Illinois has $14.5 billion in overdue bills, $130 billion in unfunded pension obligations, and no budget. “We can’t manage our money,” says Rauner. “We’re like a banana republic.”
Speaking of banana republics, Puerto Rico, which owes $74 billion to creditors who hold its tax-exempt bonds, and $40 billion in unfunded pension liabilities, has already entered bankruptcy proceedings.
The island’s imaginative 38-year-old governor, Ricardo Rossello, however, has a solution. Call Uncle Sam. On June 11, Rossello held a plebiscite, with a 23 percent turnout, that voted 97 percent to make Puerto Rico our 51st state.
“(T)he federal government will no longer be able to ignore the voice of the majority of the American citizens in Puerto Rico,” said Rossello. Washington cannot “demand democracy in other parts of the world, and not respond to the legitimate right to self-determination that was exercised today in the American territory of Puerto Rico.”
Had the governor been talking about the island’s right to become free and independent, he would have had a point. But statehood inside the USA is something Uncle Sam decides.
Puerto Rico’s defaults on its debts may soon be our problem. Many bond funds in which Americans have invested their savings and retirement money are full of Puerto Rican bonds.
According to The New York Times, the U.S. Virgin Islands, the Northern Marianas and Guam are in the same boat. With 100,000 people, the Virgin Islands owe $6.5 billion to pensioners and creditors.
Then there is Connecticut, a state that has long ranked in the top tier in per capita income and wealth.
Connecticut, too, appears wobbly. Rising pension benefits, the cost of servicing the state debt and falling tax revenue due to fleeing residents and companies like Aetna and General Electric, have dropped Connecticut to near the national bottom in growth prospects.
“The state’s population is falling: Its net domestic out-migration was nearly 30,000 from 2015 to 2016. In 2016, it lost slightly more than 8,000 people, leaving its population at 3.6 million,” reports Fox News: “(R)ecent national moving company surveys (show) more people leaving Connecticut than moving in. In 2016, the state also saw a population decline for the third consecutive year.”
Across the West, social welfare states are threatened by falling revenues, taxpayer flight, rising debt as a share of GDP, sinking bond ratings and proliferating defaults.
Among NATO nations, the U.S. is among the least socialist, with less than 40 percent of GDP consumed by government at all levels. France, with 57 percent of GDP siphoned off, is at the opposite pole.

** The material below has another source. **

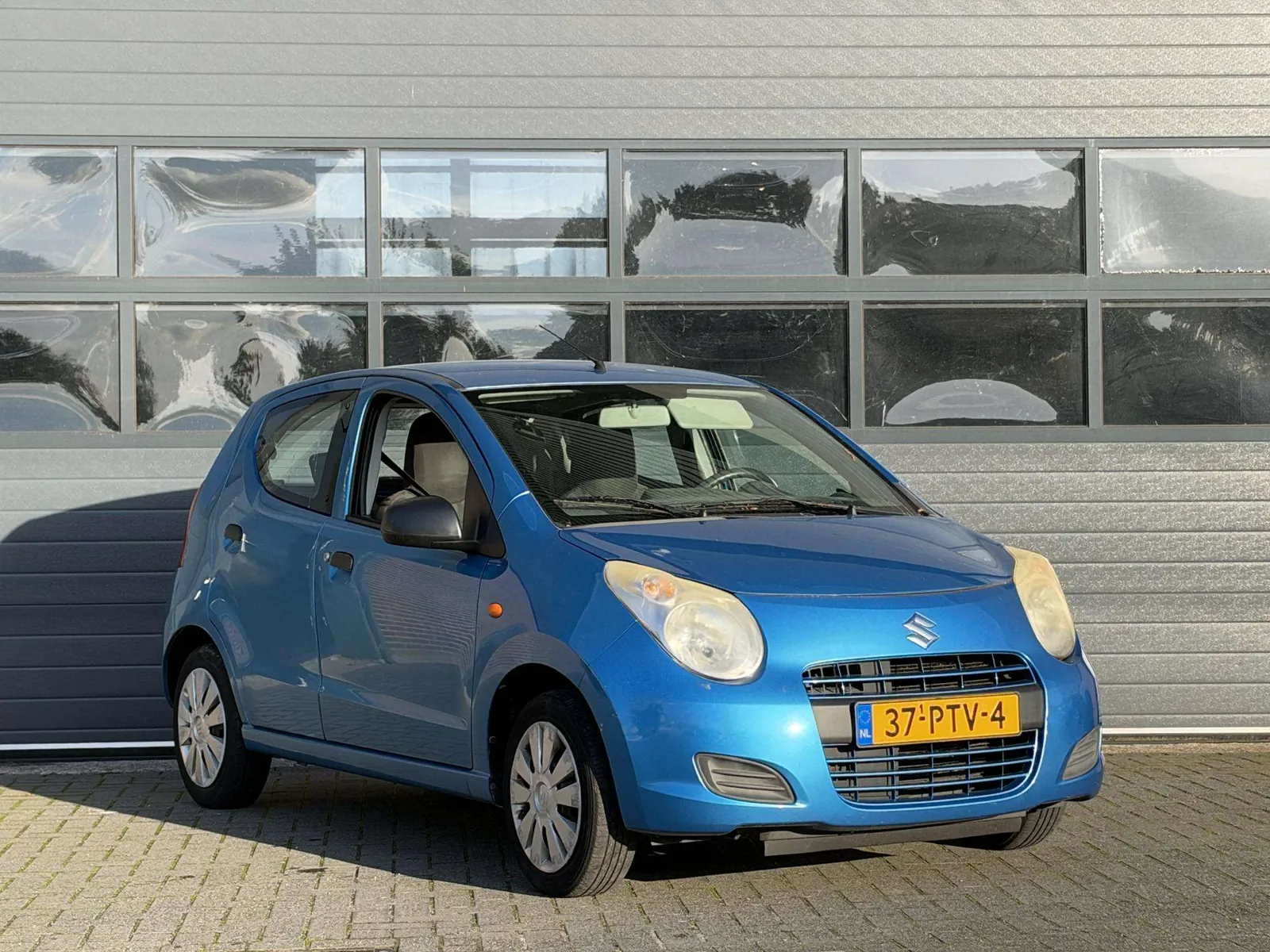 Suzuki Alto 2011 photo 3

Yet even here in America we no longer grow at 4 percent a year, or even 3 percent. We seem to be nearing a point of government consumption beyond the capacity of the private sector to provide the necessary funds.
Has democratic socialism passed its apogee?

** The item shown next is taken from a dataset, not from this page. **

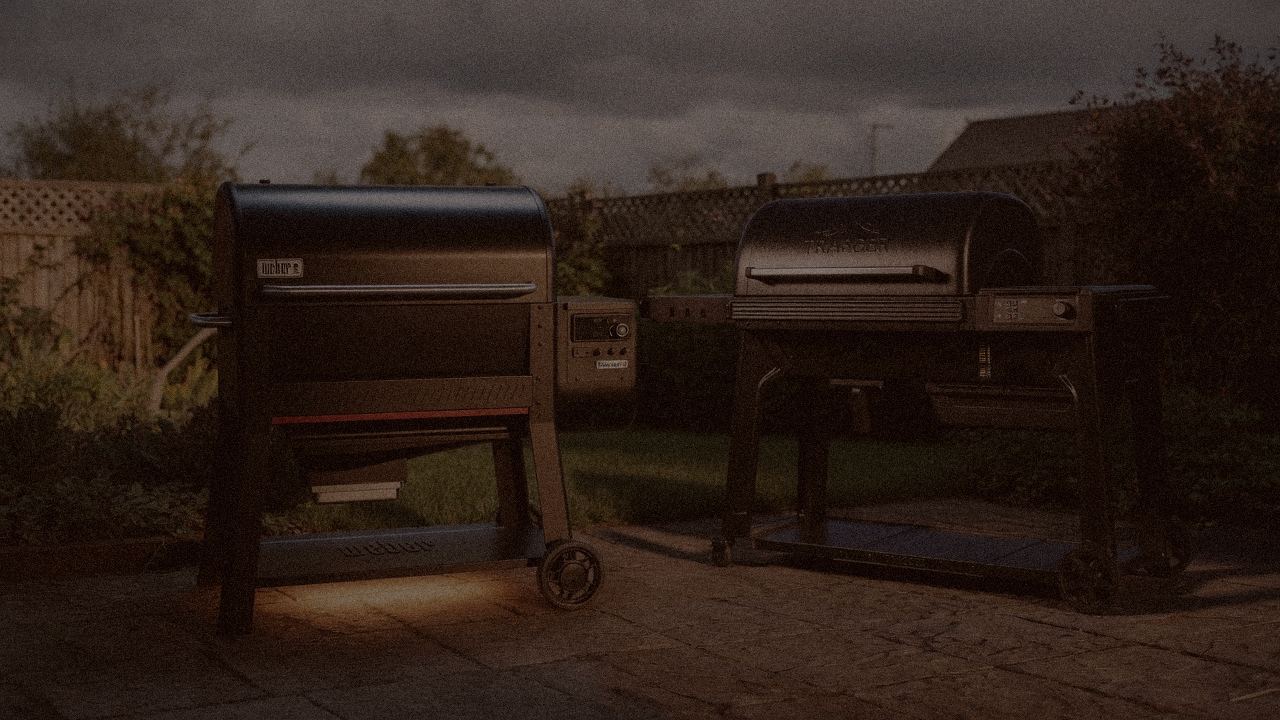 Weber Searwood XL 600 and Traeger Timberline at night with smoke, wood pellet grills on a dark patio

Native-born populations in the West are aging, shrinking and dying, not reproducing themselves. The cost of pensions and health care for the elderly is inexorably going up.
Deficits and national debts as a share of GDP are rising. Almost nowhere does one see the old robust growth rates returning.
The days of interstate highway systems and moon shots seem to be behind us. Are Puerto Rico and Illinois the harbingers of what is to come?